Labour, Conservative, Liberal, UKIP, Green, everyone is banging on about the ‘Hardworking’, but no one really defines who they mean by that.
Each party will have put a lot of hours into message testing and ‘war-rooming’ to come up with a narrative which they think puts them on ‘winning’ territory, but how do the voters work out whose definition of ‘hardworking’ they fall into?
It’s easy enough to see how you might be excluded from the label, but if you’re a floating voter, are gainfully employed and consider yourself hard at it, then how do you work out where to pitch your tent on May 7th?
Well, you could look at the tax policies that accompany the rhetoric - Labour policies suggest Ed means lower earners and the Tory tax policies suggest Dave is talking to middle and higher-income earners, but that’s what you would expect. As far as I can see, there is nothing in the label ‘Hardworking’ to convince an undecided voter one way or the other. In fact, a poll recently reported that ‘Hardworking Families’ is the most annoying political phrase of the election so far.
So why do they all persist in using a term that the majority of floating voters can’t relate to? They are out there talking to the public and the press all day every day.
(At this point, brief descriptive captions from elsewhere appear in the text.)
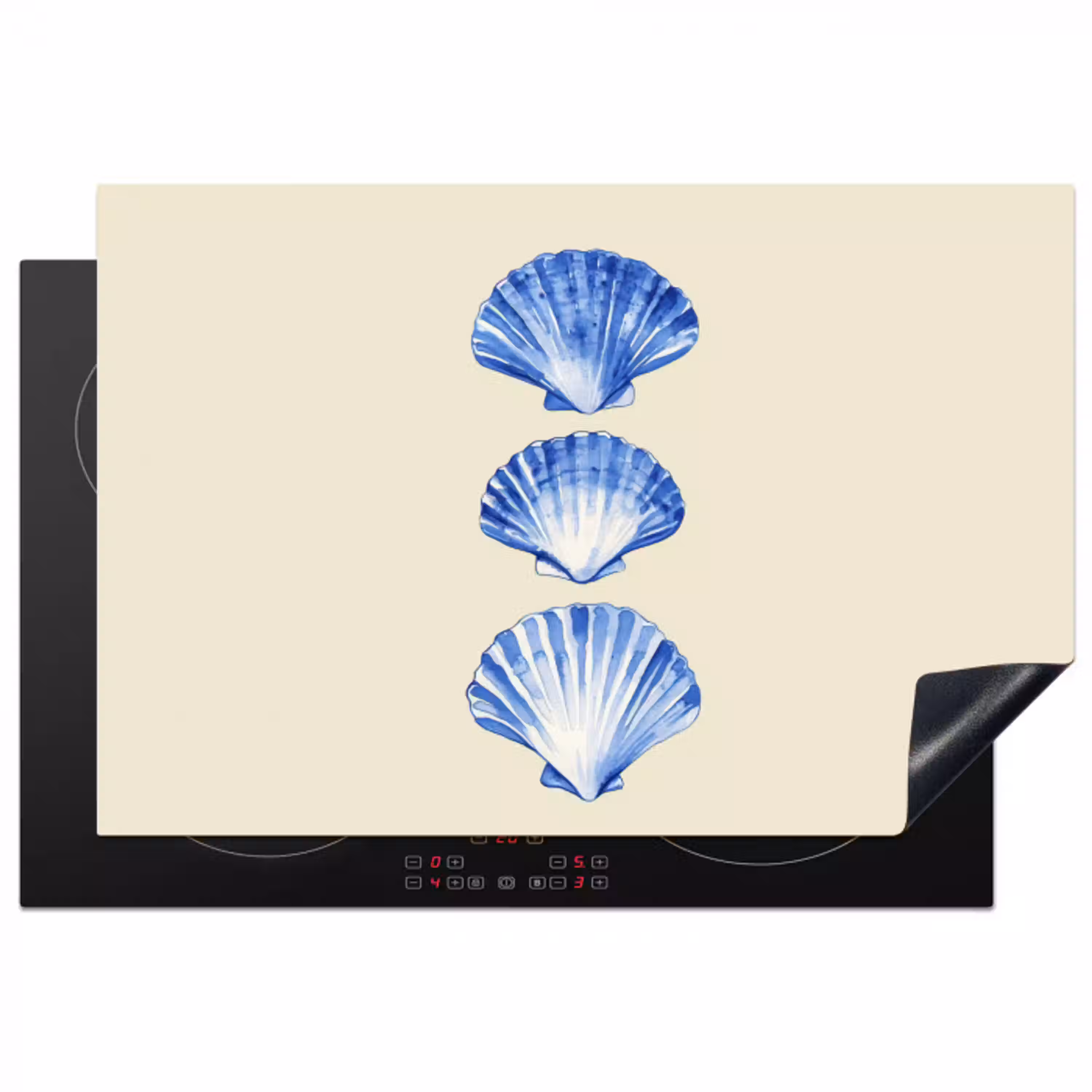 Schelpen - Blauw - Beige Inductie beschermer vinyl 3mm klein -3d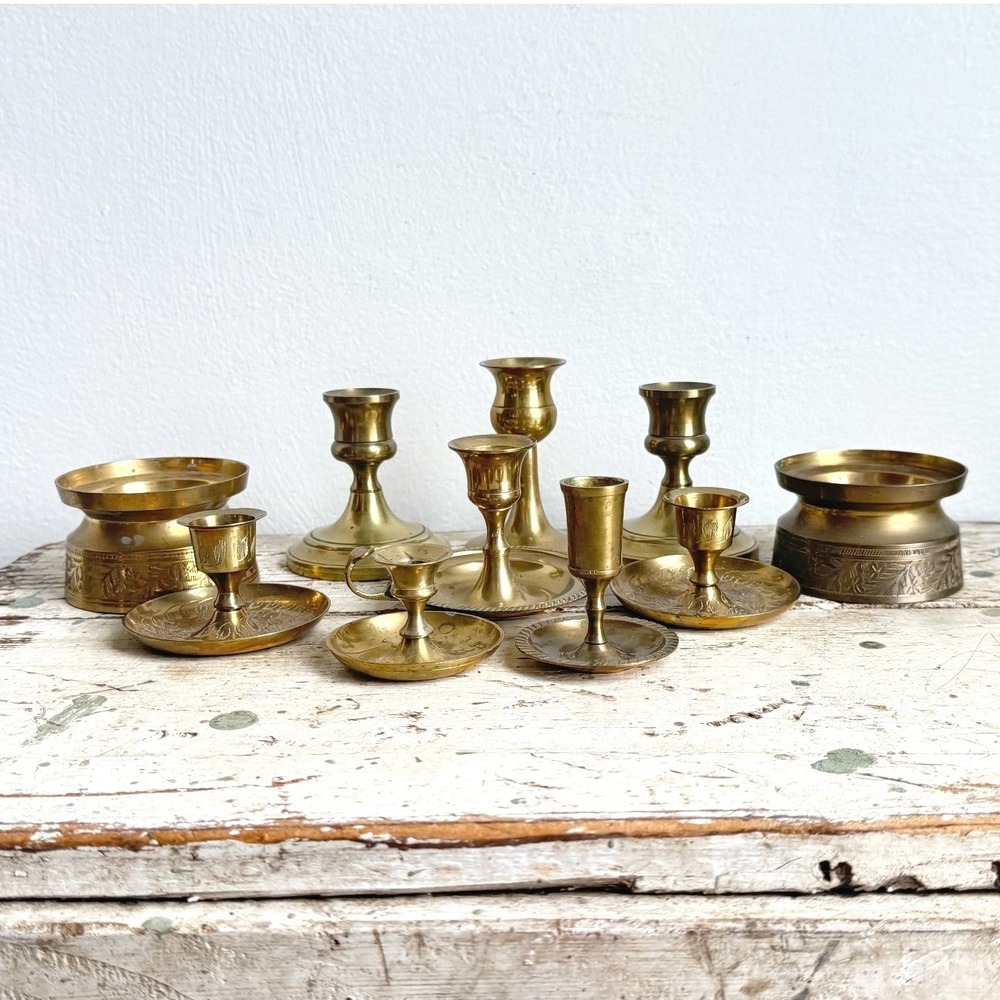 10pc Vintage Brass Candle Holder Set India Etched Chamberstick Candlestick Lot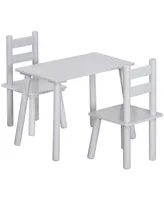 Qaba 3 Pc Wooden Kids Table & Chair Activity Set, Toddlers 2 to 5 Years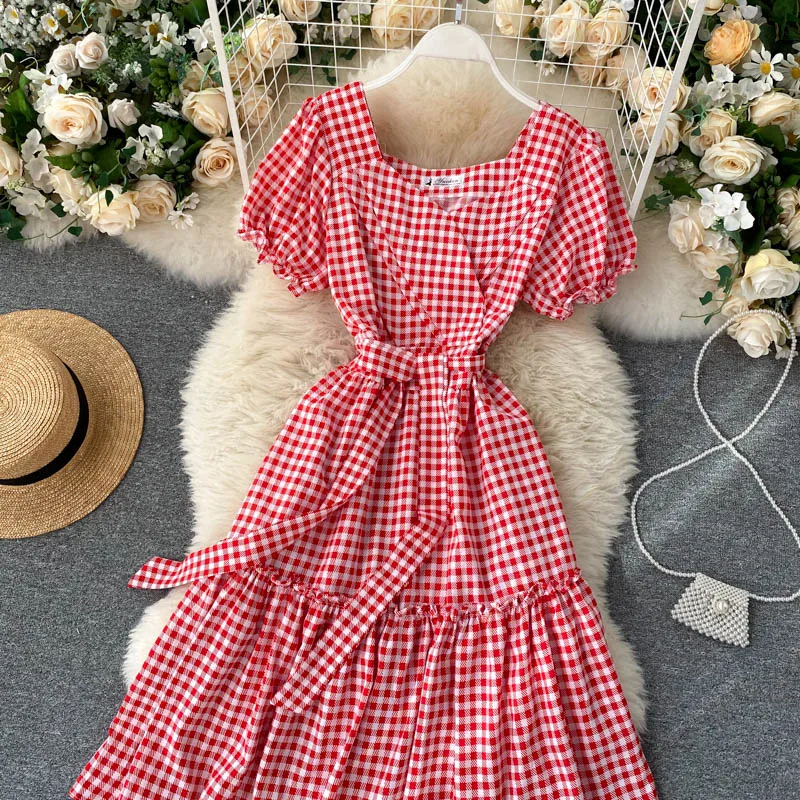 Women Casual Slim Long Sleeve Plaid Shirt Dress Spring Autumn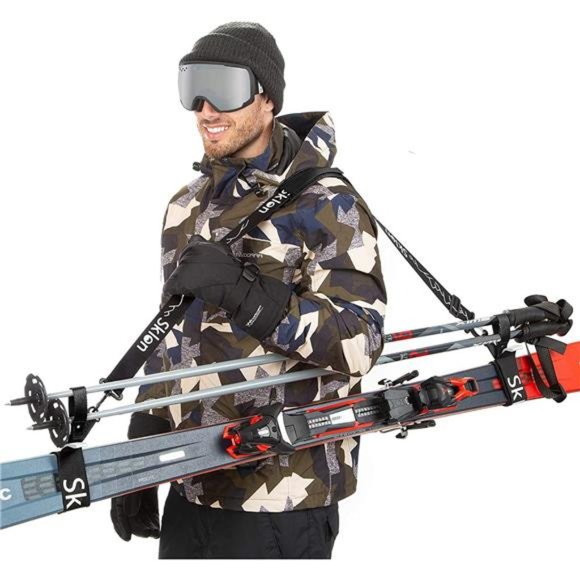 Ski Strap and Pole Carrier with Cushioned Sling - For Families, Black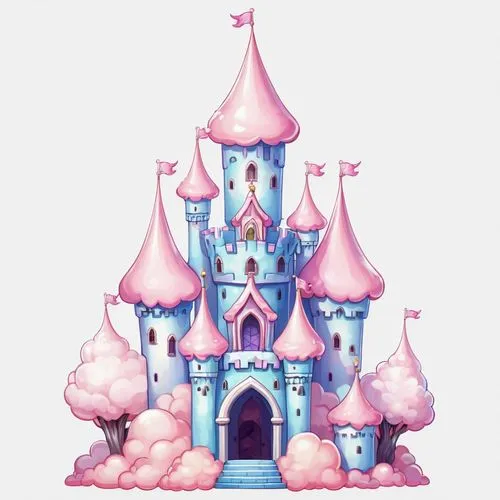 fairy tale castle,fairytale castle,disney castle,whipped cream castle,castle,cinderella's castle,Illustration,Abstract Fantasy,Abstract Fantasy 11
You’d think that would give them enough instant feedback to see what messages are landing. If either Labour or The Conservatives are genuinely campaigning for a majority and their research shows ‘Hardworking’ people are the voters to be won, then one of them needs to be clear and proactive about defining who they mean by that and push that narrative relentlessly until they are not just heard, but understood.